PROBLEM REQUIREMENTS
Only the text belongs in the answer: every line of the records below, transcribed exactly.

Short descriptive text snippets
※ ※ ※

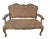 Antique French-Style Carved Settee For Sale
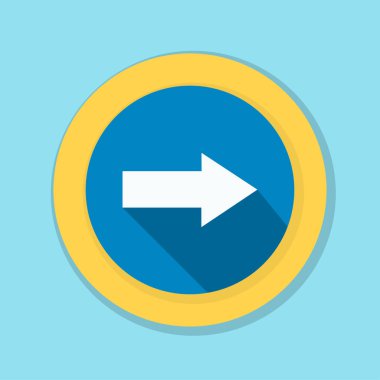 doğru yönde mesaj simgesi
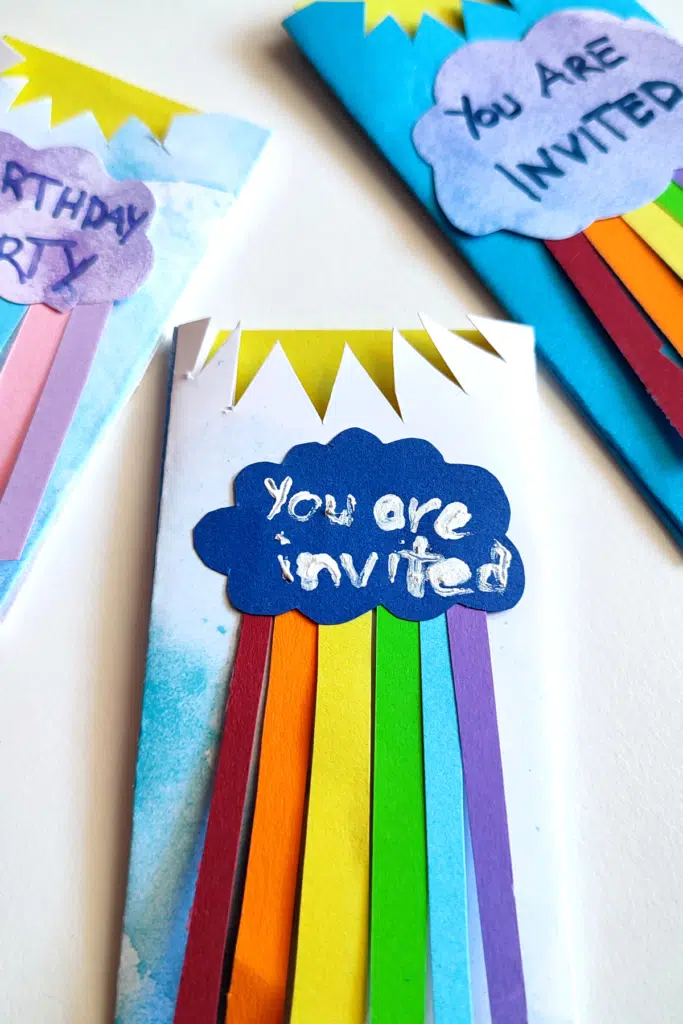Rainbow Themed Birthday Party: Ideas For a Vibrant & Colorful Celebration 7 rainbow birthday invitations for cheap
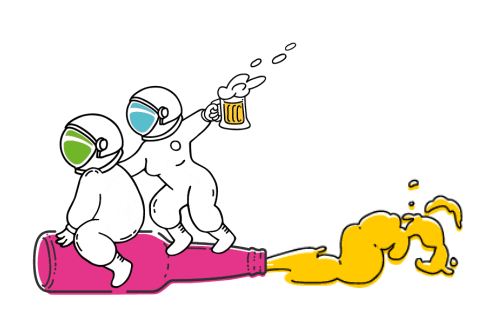 MuniGC giphyupload casco cervanauta astronauta fiestacervezagc fiestacerveza Sticker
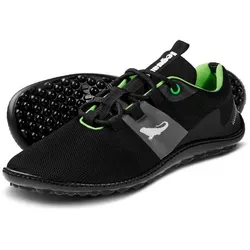 Leguano SPINWYN Barfußschuh - Sportlicher Freizeitschuh für Maschinenwäsche geeignet, atmungsaktiv und ideal für aktive Tage. Größe 36 EU, Farbe schwarz.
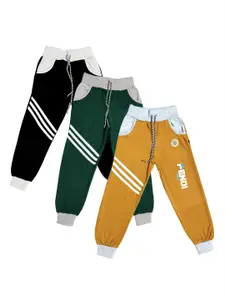 BAESD Boys Pack Of 3 Printed Joggers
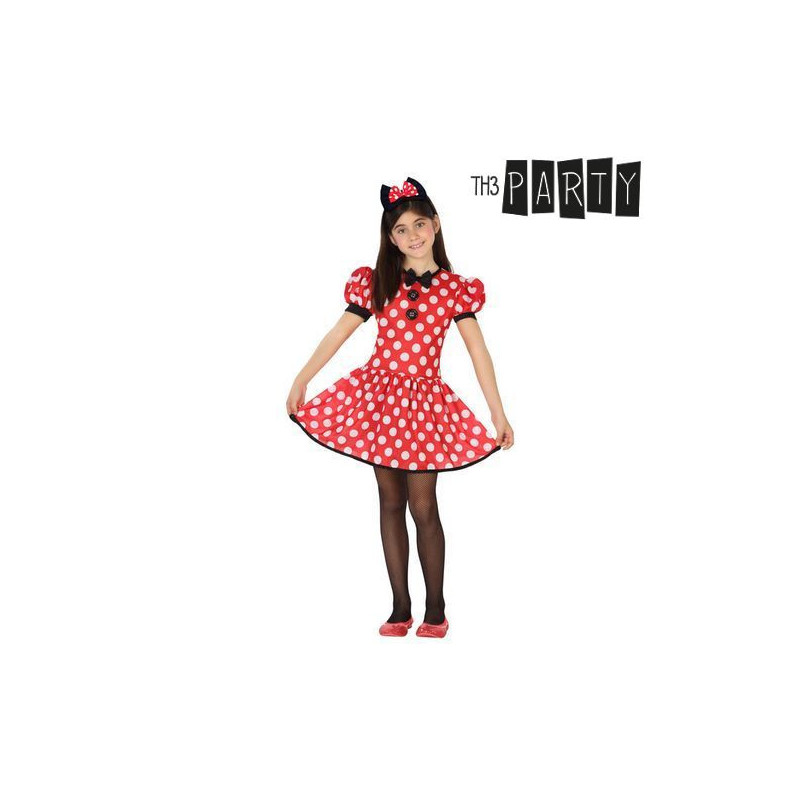 Déguisement pour Enfants Minnie Mouse 26947 Rouge Fantaisie 5-6 Ans (2 Pièces)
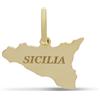 Gioielleria Lucchese Oro Ciondolo Sicilia Oro Giallo 18kt GL102501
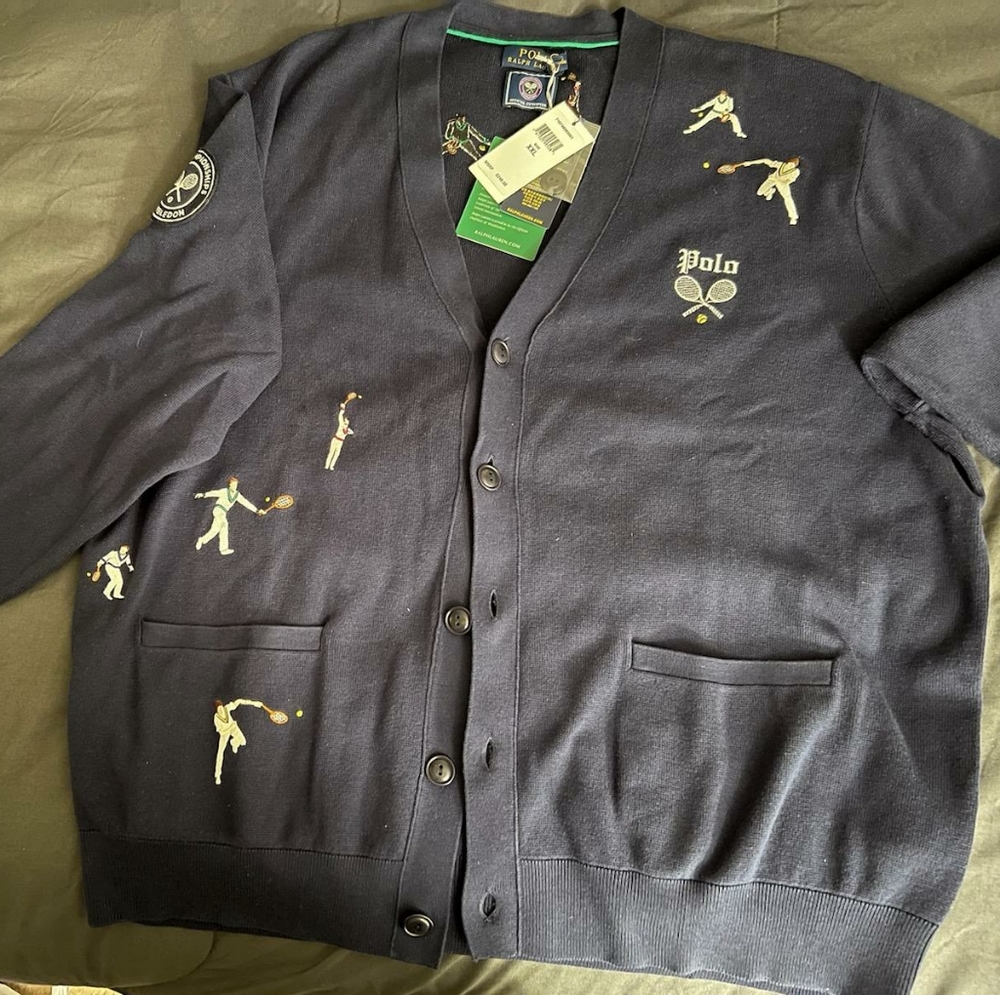 Ralph Lauren Wimbledon championships sweater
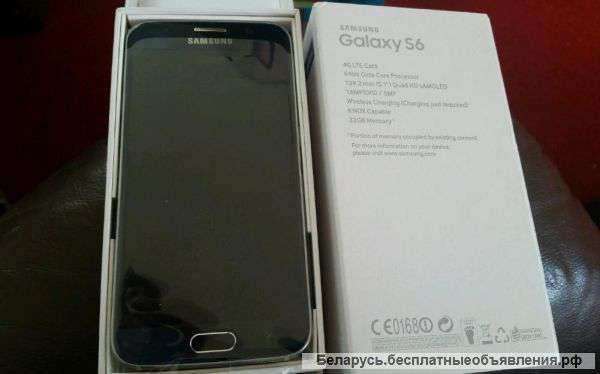 Новый оригинальный Смартфон Samsung Galaxy S6 32GB Black/White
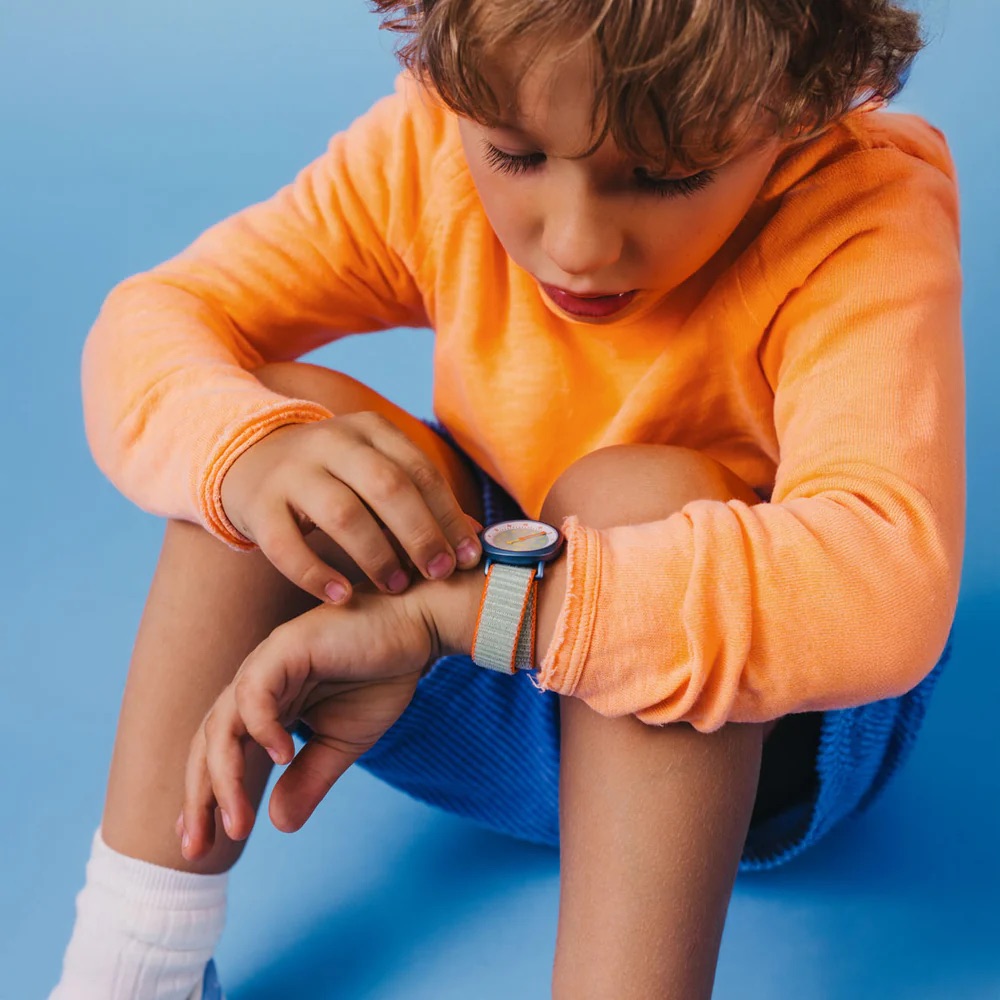 KWIO Tikk Armbanduhr für Kinder Dragon Seegrün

※ ※ ※

WRITTEN RESPONSE
 Antique French-Style Carved Settee For Sale
 doğru yönde mesaj simgesi
Rainbow Themed Birthday Party: Ideas For a Vibrant & Colorful Celebration 7 rainbow birthday invitations for cheap
 MuniGC giphyupload casco cervanauta astronauta fiestacervezagc fiestacerveza Sticker
 Leguano SPINWYN Barfußschuh - Sportlicher Freizeitschuh für Maschinenwäsche geeignet, atmungsaktiv und ideal für aktive Tage. Größe 36 EU, Farbe schwarz.
 BAESD Boys Pack Of 3 Printed Joggers
 Déguisement pour Enfants Minnie Mouse 26947 Rouge Fantaisie 5-6 Ans (2 Pièces)
 Gioielleria Lucchese Oro Ciondolo Sicilia Oro Giallo 18kt GL102501
 Ralph Lauren Wimbledon championships sweater
 Новый оригинальный Смартфон Samsung Galaxy S6 32GB Black/White
 KWIO Tikk Armbanduhr für Kinder Dragon Seegrün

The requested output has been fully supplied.